═════ DATA PROVIDED

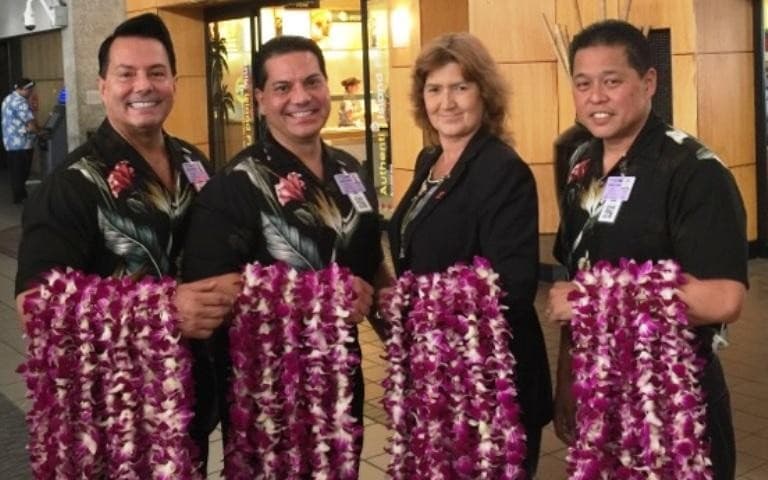 Lei greeting team holding dense purple garlands at arrivals counter
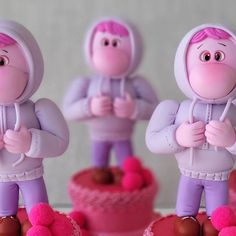 three figurines are standing in front of a cake with frosting on it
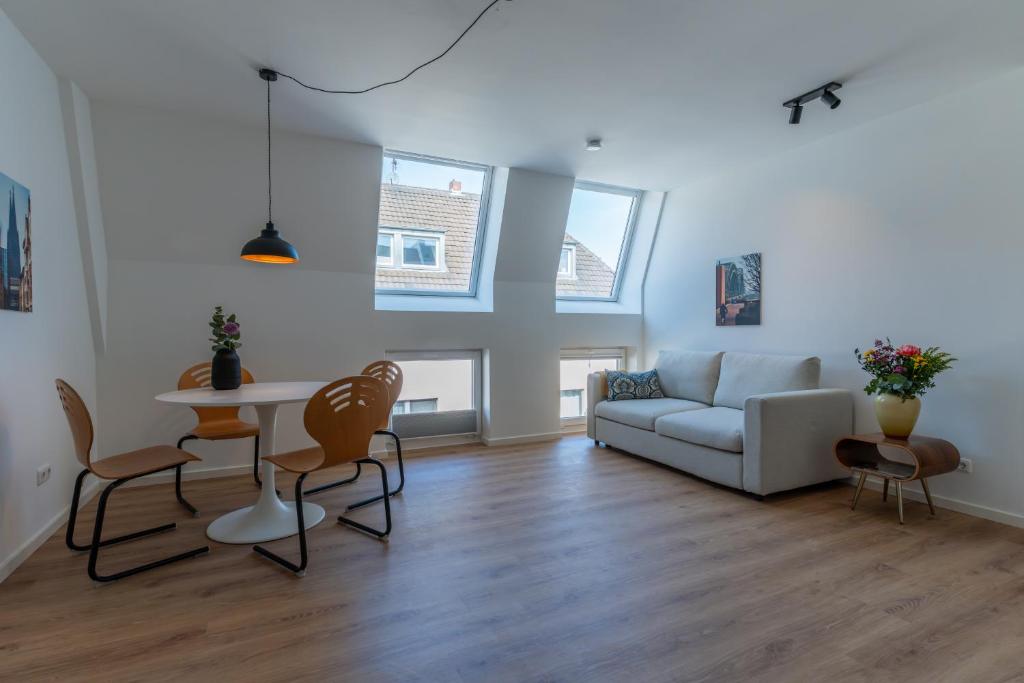 a living room with a couch and a table at Jotica Colonia in Cologne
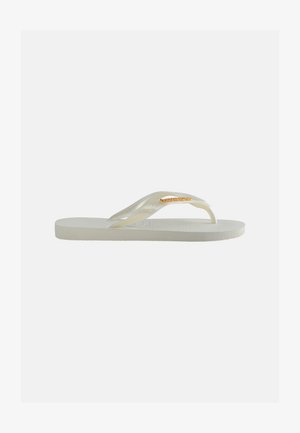 Bílá žabková sandál s texturovanou podrážkou a průhledným páskem se zlatou metalickou značkou na světlém pozadí.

══════════

# TASK:
Return the listing unchanged, but drop every picture.

# ANSWER FOR THIS EXERCISE:
 Lei greeting team holding dense purple garlands at arrivals counter
 three figurines are standing in front of a cake with frosting on it
 a living room with a couch and a table at Jotica Colonia in Cologne
 Bílá žabková sandál s texturovanou podrážkou a průhledným páskem se zlatou metalickou značkou na světlém pozadí.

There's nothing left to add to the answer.